Taxonomy

Sargassum muticum | Wireweed

Distribution

Status

Conservation status

Not Assessed

Legal status

Third Schedule listed species under Regulations 49 & 50 in the European Communities (Birds and Natural Habitats) Regulations 2011. (Note: Regulation 50 not yet enacted). Listed as a schedule 9 species under Articles 15 & 15A of the Wildlife Order (Northern Ireland) 1985 (Article 15A not yet enacted).

Native status

Non-native

First reported in the wild

1995

Invasiveness

Invasive species - risk of High Impact

Irish status

Established

Introduction pathways - 1

Transport Stowaway

Introduction pathways subclass - 1

Hitchhikers on ship/boat

Introduction pathways - 2

Unaided

Introduction pathways subclass - 2

Natural dispersal across borders of invasive aliens

Invasive score

18

NAPRA Ireland risk assessed

No

Species Biology

Identification

'Wiry' appearance on rocks, consists of different strands with conspicuous lumps.

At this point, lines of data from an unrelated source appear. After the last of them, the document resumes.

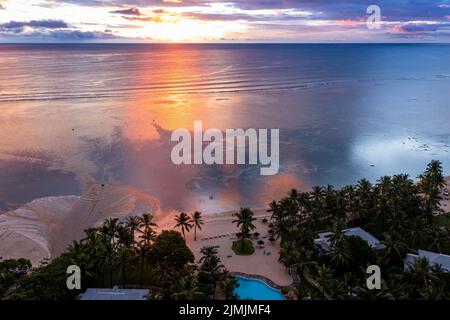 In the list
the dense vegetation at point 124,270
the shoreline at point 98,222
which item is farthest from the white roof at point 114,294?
the shoreline at point 98,222

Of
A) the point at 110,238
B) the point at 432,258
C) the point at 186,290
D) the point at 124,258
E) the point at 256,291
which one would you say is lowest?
the point at 256,291

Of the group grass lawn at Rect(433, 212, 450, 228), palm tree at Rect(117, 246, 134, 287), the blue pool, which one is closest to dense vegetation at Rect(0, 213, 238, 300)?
palm tree at Rect(117, 246, 134, 287)

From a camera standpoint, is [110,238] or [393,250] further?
[393,250]

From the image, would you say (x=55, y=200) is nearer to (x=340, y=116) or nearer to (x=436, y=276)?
(x=436, y=276)

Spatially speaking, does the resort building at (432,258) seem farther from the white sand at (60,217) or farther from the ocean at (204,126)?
the white sand at (60,217)

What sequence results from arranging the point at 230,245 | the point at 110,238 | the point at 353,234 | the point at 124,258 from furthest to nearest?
the point at 230,245, the point at 353,234, the point at 110,238, the point at 124,258

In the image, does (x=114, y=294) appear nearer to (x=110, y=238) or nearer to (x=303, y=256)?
(x=110, y=238)

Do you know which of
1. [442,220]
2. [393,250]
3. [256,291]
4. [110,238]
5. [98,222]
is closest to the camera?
[256,291]

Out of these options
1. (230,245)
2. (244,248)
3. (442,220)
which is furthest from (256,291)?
(442,220)

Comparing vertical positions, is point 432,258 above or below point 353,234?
below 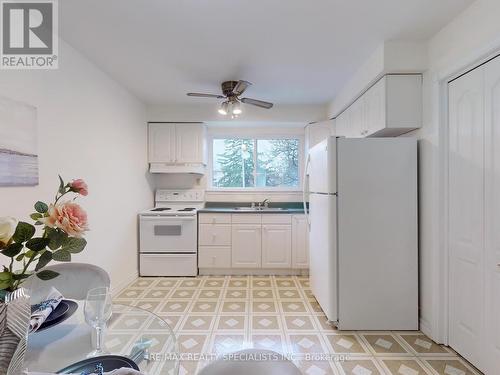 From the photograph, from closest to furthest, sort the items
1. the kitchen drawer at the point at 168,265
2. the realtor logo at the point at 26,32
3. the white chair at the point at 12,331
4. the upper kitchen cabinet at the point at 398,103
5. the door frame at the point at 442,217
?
the white chair at the point at 12,331
the realtor logo at the point at 26,32
the door frame at the point at 442,217
the upper kitchen cabinet at the point at 398,103
the kitchen drawer at the point at 168,265

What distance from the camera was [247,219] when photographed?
3617 mm

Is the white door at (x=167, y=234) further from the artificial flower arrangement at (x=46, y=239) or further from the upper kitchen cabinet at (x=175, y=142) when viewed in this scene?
the artificial flower arrangement at (x=46, y=239)

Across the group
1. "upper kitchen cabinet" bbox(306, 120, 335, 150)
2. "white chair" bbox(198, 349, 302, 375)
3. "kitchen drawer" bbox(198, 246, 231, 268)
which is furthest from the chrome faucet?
"white chair" bbox(198, 349, 302, 375)

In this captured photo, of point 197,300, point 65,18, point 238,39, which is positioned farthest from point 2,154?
point 197,300

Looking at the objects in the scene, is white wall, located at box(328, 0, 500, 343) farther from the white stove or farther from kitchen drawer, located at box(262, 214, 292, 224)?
the white stove

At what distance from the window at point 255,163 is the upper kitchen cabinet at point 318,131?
0.50 metres

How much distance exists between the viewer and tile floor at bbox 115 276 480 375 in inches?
71.2

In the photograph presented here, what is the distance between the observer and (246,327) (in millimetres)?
2283

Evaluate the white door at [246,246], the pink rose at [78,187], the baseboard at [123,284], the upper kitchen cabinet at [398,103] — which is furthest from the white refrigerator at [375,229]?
the baseboard at [123,284]

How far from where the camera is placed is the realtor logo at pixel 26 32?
1.72 meters

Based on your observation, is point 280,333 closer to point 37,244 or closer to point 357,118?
point 37,244

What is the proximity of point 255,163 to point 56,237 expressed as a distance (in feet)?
12.2

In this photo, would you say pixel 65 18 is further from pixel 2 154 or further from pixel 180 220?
pixel 180 220

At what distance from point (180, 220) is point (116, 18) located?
2.39 metres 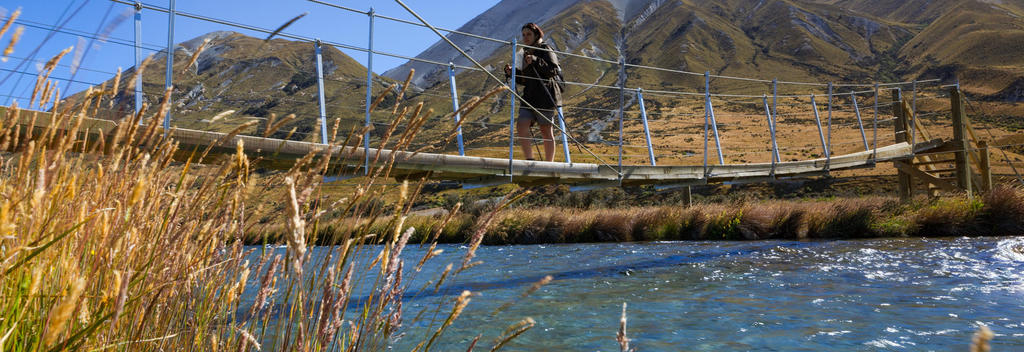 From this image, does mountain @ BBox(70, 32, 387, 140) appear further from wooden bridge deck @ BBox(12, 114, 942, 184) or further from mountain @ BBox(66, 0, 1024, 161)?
mountain @ BBox(66, 0, 1024, 161)

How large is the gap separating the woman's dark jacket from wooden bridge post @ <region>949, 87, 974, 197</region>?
30.6 ft

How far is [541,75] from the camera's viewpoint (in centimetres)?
568

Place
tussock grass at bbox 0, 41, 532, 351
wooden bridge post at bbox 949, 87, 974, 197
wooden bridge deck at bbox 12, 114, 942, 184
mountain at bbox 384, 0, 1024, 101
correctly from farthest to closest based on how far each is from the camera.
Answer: mountain at bbox 384, 0, 1024, 101 < wooden bridge post at bbox 949, 87, 974, 197 < wooden bridge deck at bbox 12, 114, 942, 184 < tussock grass at bbox 0, 41, 532, 351

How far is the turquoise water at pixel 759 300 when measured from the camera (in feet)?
10.5

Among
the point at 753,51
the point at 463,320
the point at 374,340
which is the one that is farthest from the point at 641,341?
the point at 753,51

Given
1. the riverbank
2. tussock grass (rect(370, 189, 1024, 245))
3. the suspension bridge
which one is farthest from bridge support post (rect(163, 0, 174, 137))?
tussock grass (rect(370, 189, 1024, 245))

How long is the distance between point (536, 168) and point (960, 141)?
9.58 metres

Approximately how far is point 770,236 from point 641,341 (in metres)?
8.37

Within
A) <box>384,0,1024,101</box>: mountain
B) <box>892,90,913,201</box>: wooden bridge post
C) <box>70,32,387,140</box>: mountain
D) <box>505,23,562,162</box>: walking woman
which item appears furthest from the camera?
<box>384,0,1024,101</box>: mountain

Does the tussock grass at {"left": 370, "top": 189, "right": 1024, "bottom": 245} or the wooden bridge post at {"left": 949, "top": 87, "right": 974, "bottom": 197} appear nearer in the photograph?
the tussock grass at {"left": 370, "top": 189, "right": 1024, "bottom": 245}

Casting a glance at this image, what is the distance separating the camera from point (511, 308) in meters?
4.41

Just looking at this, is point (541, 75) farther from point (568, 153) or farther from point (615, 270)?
point (615, 270)

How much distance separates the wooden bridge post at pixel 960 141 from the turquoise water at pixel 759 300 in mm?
3786

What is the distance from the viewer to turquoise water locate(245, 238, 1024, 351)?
321 centimetres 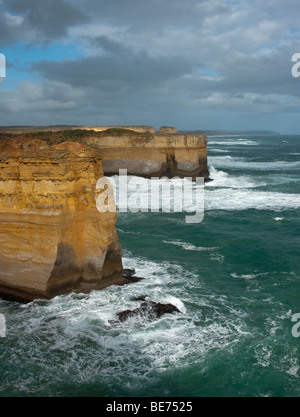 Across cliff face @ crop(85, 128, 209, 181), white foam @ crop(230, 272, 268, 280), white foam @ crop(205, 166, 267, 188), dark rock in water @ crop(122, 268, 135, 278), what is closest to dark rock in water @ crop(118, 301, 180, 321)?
dark rock in water @ crop(122, 268, 135, 278)

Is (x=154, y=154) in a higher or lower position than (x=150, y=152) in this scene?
lower

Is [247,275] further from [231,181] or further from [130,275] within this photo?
[231,181]

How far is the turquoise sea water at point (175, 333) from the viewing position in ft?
27.7

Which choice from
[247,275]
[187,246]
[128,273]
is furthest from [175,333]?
[187,246]

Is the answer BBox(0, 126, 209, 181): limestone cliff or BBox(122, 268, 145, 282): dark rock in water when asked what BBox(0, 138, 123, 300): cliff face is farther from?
BBox(0, 126, 209, 181): limestone cliff

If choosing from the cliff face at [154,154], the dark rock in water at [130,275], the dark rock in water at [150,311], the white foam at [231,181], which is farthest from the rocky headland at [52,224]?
the cliff face at [154,154]

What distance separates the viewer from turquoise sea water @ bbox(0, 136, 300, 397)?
845 cm

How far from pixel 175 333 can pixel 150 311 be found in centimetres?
125

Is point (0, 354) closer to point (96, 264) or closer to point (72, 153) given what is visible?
point (96, 264)

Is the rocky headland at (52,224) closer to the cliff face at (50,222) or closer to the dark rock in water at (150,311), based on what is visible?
the cliff face at (50,222)

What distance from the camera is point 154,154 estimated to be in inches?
1612

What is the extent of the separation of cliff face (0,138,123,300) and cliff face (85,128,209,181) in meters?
28.1

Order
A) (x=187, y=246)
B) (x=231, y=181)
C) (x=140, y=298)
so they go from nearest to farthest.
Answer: (x=140, y=298) → (x=187, y=246) → (x=231, y=181)

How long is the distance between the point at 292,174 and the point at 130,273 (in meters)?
A: 35.9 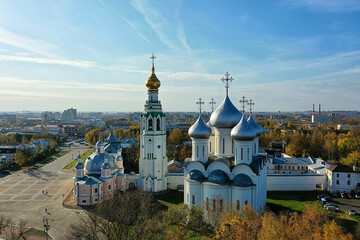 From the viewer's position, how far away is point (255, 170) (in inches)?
804

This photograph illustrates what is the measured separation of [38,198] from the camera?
26.8 m

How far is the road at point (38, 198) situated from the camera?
21.4 meters

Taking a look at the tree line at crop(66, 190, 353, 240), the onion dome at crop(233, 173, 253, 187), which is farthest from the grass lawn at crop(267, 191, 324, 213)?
the tree line at crop(66, 190, 353, 240)

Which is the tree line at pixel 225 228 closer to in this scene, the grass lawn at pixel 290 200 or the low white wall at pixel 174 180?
the grass lawn at pixel 290 200

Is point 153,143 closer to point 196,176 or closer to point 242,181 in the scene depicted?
point 196,176

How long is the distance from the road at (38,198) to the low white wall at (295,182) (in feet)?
65.1

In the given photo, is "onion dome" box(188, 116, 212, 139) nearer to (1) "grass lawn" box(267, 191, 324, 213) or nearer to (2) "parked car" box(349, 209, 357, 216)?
(1) "grass lawn" box(267, 191, 324, 213)

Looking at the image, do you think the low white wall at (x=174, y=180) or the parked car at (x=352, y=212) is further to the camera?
the low white wall at (x=174, y=180)

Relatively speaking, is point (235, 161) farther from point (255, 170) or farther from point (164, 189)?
point (164, 189)

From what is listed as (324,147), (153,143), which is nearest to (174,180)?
(153,143)

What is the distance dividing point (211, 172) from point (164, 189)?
31.9ft

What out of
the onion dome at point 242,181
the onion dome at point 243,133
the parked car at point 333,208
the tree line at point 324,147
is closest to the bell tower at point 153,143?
the onion dome at point 243,133

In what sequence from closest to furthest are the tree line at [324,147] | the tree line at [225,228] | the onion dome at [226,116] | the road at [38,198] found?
1. the tree line at [225,228]
2. the road at [38,198]
3. the onion dome at [226,116]
4. the tree line at [324,147]

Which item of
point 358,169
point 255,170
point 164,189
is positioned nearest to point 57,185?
point 164,189
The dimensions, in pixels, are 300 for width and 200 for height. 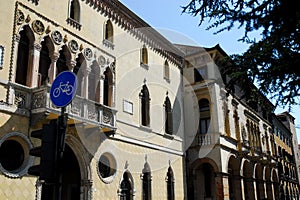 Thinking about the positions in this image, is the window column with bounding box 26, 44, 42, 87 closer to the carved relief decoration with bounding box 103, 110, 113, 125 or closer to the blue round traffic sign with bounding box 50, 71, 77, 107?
the carved relief decoration with bounding box 103, 110, 113, 125

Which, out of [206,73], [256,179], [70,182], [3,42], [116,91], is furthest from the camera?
[256,179]

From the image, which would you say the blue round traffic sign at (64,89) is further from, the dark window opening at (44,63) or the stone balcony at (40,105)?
the dark window opening at (44,63)

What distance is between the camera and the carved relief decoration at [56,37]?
12986 millimetres

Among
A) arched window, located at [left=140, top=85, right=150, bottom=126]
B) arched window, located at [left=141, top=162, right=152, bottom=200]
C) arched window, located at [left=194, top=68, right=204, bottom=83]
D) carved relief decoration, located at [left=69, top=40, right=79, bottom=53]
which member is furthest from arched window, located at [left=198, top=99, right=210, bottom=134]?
carved relief decoration, located at [left=69, top=40, right=79, bottom=53]

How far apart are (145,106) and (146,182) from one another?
3840mm

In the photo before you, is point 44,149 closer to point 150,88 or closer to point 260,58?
point 260,58

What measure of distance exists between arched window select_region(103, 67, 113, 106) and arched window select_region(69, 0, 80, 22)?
8.37 feet

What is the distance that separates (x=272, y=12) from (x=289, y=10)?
0.33m

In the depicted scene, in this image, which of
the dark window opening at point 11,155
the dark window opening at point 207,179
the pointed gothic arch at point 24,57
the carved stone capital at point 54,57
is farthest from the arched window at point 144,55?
the dark window opening at point 11,155

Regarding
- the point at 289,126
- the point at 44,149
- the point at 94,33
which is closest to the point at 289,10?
the point at 44,149

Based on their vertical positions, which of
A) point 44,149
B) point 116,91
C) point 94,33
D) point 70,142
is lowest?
point 44,149

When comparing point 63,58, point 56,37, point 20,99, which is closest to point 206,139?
point 63,58

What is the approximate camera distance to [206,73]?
23.6 m

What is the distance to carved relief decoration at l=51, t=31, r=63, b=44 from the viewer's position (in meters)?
13.0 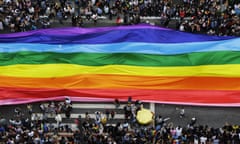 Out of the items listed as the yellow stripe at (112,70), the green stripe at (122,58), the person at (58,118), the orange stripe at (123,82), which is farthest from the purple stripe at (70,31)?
the person at (58,118)

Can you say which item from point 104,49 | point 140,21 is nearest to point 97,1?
point 140,21

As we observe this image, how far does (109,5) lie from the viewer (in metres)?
31.1

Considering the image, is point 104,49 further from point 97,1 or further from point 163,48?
point 97,1

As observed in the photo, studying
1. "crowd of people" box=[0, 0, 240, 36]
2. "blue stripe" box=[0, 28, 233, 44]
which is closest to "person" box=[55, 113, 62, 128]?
"blue stripe" box=[0, 28, 233, 44]

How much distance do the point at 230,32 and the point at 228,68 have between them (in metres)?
3.89

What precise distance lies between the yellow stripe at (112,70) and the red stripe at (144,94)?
3.43 ft

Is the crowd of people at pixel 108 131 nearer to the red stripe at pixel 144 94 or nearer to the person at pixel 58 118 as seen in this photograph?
the person at pixel 58 118

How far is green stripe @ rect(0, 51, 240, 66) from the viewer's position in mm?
25953

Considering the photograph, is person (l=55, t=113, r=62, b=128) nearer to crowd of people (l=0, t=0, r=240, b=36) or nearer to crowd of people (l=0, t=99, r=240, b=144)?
crowd of people (l=0, t=99, r=240, b=144)

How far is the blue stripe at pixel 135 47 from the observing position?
26.6 m

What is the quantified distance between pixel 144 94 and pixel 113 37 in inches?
193

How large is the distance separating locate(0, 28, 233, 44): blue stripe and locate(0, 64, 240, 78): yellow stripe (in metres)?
2.28

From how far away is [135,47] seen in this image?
27000 mm

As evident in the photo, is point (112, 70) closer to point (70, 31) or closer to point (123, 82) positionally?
point (123, 82)
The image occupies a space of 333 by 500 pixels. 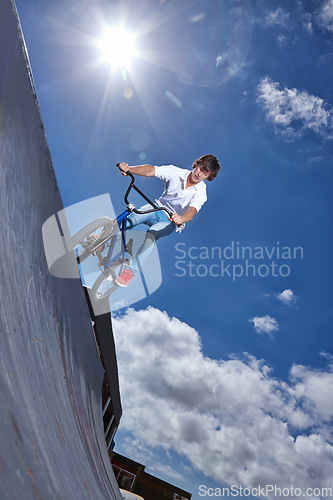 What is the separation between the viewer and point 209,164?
4.98 meters

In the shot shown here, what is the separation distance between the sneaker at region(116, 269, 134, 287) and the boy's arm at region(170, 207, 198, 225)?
1.36 metres

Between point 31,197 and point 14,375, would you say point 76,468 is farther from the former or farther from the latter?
point 31,197

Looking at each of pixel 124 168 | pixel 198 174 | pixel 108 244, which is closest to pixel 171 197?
pixel 198 174

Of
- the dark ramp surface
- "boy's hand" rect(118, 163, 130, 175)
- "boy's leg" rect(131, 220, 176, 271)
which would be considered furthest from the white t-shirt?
the dark ramp surface

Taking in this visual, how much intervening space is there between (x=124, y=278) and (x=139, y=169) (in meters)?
2.02

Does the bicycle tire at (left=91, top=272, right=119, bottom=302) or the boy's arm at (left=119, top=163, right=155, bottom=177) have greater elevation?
the boy's arm at (left=119, top=163, right=155, bottom=177)

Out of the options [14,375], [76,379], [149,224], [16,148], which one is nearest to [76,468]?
[14,375]

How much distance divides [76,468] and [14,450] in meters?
0.75

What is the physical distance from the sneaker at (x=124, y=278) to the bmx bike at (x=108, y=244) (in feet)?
0.55

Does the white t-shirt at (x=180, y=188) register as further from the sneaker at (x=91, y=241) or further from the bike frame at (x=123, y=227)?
the sneaker at (x=91, y=241)

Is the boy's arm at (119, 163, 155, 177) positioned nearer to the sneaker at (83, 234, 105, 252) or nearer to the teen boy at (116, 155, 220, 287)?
the teen boy at (116, 155, 220, 287)

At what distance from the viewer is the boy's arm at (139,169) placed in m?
4.92

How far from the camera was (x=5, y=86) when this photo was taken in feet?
4.09

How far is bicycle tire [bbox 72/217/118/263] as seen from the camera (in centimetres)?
502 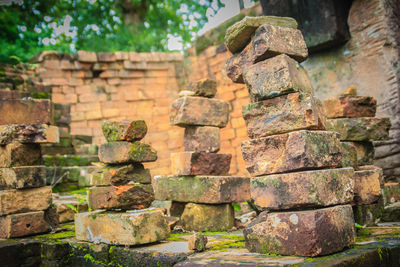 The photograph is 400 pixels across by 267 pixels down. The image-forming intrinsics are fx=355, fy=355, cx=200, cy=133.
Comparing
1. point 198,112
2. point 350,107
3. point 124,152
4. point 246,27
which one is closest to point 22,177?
point 124,152

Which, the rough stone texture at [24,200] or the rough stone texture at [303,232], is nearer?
the rough stone texture at [303,232]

Large brown seaweed, frond (stem) can be over 1m long, alternating branching of flattened oval blades with gas bladders.

Ecology

Significant differences between invertebrate communities underneath and at control areas in Strangford Lough, with a higher abundance of smaller, opportunistic, r- selected (generally short lived, early coloniser) species inside the canopy (Strong et al., 2006). By out competing native species Sargassum muticum can significantly reduced primary productive in Lough Hyne (Salvaterra et al., 2013) which could affect ecosystem functioning. These changes in Lough Hyne lead to reductions in species richness and diversity in the faunal community (Salvaterra et al.,2013).

Habitat

Marine

Reproduction

Monoecious species can spread by fragmentation. Highly variable in reproductive development between sites with different wave exposure on the Irish west coast (Baer & Stengel, 2010). Germlings develop on receptacles and disperse within 30m (generally ~3m) of the parent plant (Deysher & Norton, 1982) facilitating rapid within bay dispersion, with long range dispersion mainly by detached fertile branches, which are also capable of vegetative regrowth (Deysher & Norton, 1982; Kraan, 2008).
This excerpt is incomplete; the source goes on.